Les rapaces ne sont pas tous encore là. Déjà cependant, quelques joyeux drilles batifolant dans la ramée, de noir vêtus, procureurs narguant mon impuissance, becquetant la chair des fruits pas encore mûrs, pépiant sournois et rigolards lorsque j'approche, infirme luttant contre l'injustice, ont commencé la curée. 

Depuis peu, chaque année, mon cerisier est soumis aux attaques incessantes de mes ennemis ponctuels. Le mois de mai voit notre guerre et s'il m'arrive de gagner quelques batailles, il m'est incertain de remporter la victoire, ma présence sous l'arbre tacheté de rouge ne pouvant se prolonger au-delà de quelques minutes ; car, tel un mercenaire je lance des raids aléatoires afin de surprendre l'adversaire, celui-ci me voyant venir de loin, merles perchés qui s'égayent en virevoltant avant mon repli. Ils me connaissent les insatiables et savent qu'il n'est nul besoin d'aller bien loin pour revenir à tire d'ailes dès que j'ai le dos tourné. Ils se repaissent les cyniques, avec boulimie picorant ça et là les fruits, qui tombent un à un sur le gravier du chemin où je contemple le carnage en maugréant. Ils se gorgent du nectar, sans pudeur saccageant, ne laissant que des miettes, débris talés, éclatés, méconnaissables, pas même bons pour un mécréant.
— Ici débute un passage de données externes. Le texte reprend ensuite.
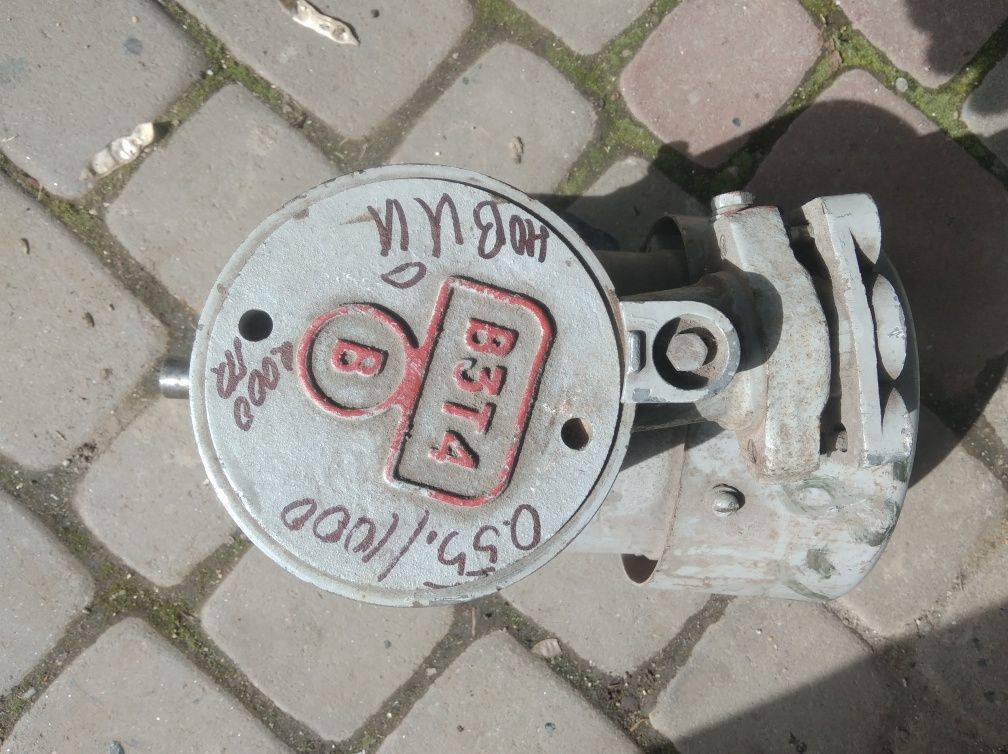 Новий Шахтного типу Электродвигатель 0.55/1000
De vrais percepteurs ! J'ai tout essayé, rien n'y fait ; musique dans l'arbre, ils dansent en cadence ; bandes argentées et pétards, ils applaudissent à tire d'ailes à ce feu d'artifice ; il me faudrait rester sur place et encore, pas sûr qu'ils ne viennent me narguer en fientant comme ils le font sur la voiture si je l'oublie sous l'arbre, certains de leur impunité. J'ai beau gesticuler, m'écrier, ils évoluent dans un espace inaccessible à ma pesante colère. D'ailleurs ils n'écoutent personne ne s'attablant qu'à leur envie, leur désir, leur instinct, semblables à des ministres au pouvoir absolu.
 

Mais ce ne sont qu'escarmouches de sbires ayant campement dans les bosquets voisins. Une avant-garde ! Le pire est à venir, cerise sur le gâteau si j'ose dire, comme des conseillers en campagne, une armée nouvelle, dès que les fruits seront mûrs, bien rouges, juteux, s'abattra sur mon domaine. 

Légiférant sur câble haute-tension, les étourneaux réunis, assemblés en leur parlement champêtre, à l'appel du président du groupe, fondront, nuée sans vergogne, sur mes maigres espoirs de plaisir. En l'espace d'un instant ce troupeau arrogant, affamé, décimera les quelques rameaux encore porteurs d'avenir. Il ne restera rien, comme l'an dernier et celui d'avant, qu'un squelette aux brindilles implorant le firmament.
 

Le saccage dure depuis deux ans et je n'en vois pas la fin. Avant, mais c'était une autre époque, ces volatiles de malheur avaient plus de respect pour le partage. Ils venaient se nourrir, faire collation, mais laissaient à ceux d'en bas des grappes intactes pour calmer leurs attentes.
 

Demain ne subsisteront que des queues de cerises éparses sur le chemin et quelques noyaux de nostalgie.